All the issues will be themed. The first monthly in January is our culture issue — literally asking readers, "What is your culture?" Someone told me subcultures can no longer exist because of the internet, since subcultures can only emerge in a vacuum. I don't think that's true. Even in this summer issue, there's a piece on how to build a cyberdeck — those tiny computers teenage girls are making. When I talked to them about it, they said it's a "fuck-the-system thing": there are all these guys trying to take over society and tell us how to think, so we're decentralizing our technology by building individual computers. Just like subcultures — there's the fun surface thing, and behind it there's something much more political and much deeper.
What does your daughter think of the magazine?
Her middle name is my husband's Cuban mom’s nickname — it's Spanish for "cute." When I told her we were calling the magazine Cuqui, she was like, "I don't know if you should use my middle name." But as it's evolved and started to feel real, she's come around to it. Now she tells me I need to run things by her so she can tell me if they're good. My biggest critic is my nine-year-old.
Last one — what's your average screen time right now, and any corners of the internet you'd recommend?
It's deeply ironic, because my screen time is exponential. Building a magazine means you're online all the time. My daughter has started telling me, "You're always on your phone," and I have to say, "I'm building something so you won't have to be on your phone — and right now I'm on my phone — I know, this is not better." It must be six or seven hours a day, because you're going to the depths of the internet following subcultures. I spend a lot of time on social media trying to find those subcultures — following threads down into something a random girl is doing that turns into a whole story. I found this amazing teenage girl in New York on Threads — her mom had shared it. She's a young Black woman who started painting herself different colors, purple or green, and just walking around New York as a kind of social experiment. I want to do a beauty story with her. That's the epitome of the cool young people we're trying to celebrate.

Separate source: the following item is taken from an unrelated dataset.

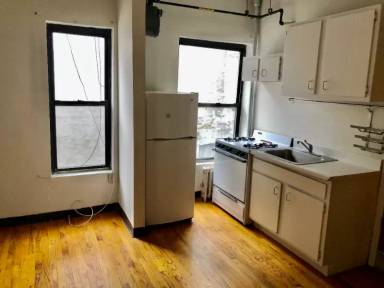 Main picture of 326 E 14th St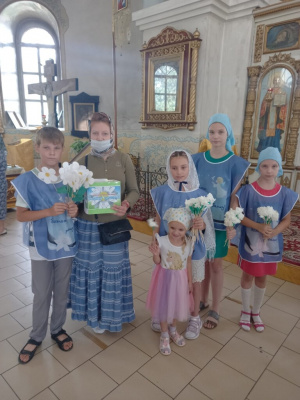 8 августа  богучарцы присоеденились к ежегодной областной благотворительной акции «Белый цветок»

Otherwise, I read a lot of Substacks and industry things — brands, newsletters, all of it. Casey Lewis’ After School is one I'd recommend. I listen to a lot of podcasts. My husband wants me to stop listening to Pod Save America all the time, but for some reason it just makes me feel better — it's like the craziness filtered through someone else, so I don't have to face it directly.
Disclosure: Brittney McNamara, La Fronde's lead editor, is an advisor to Cuqui. She had no involvement in the reporting or editing of this piece.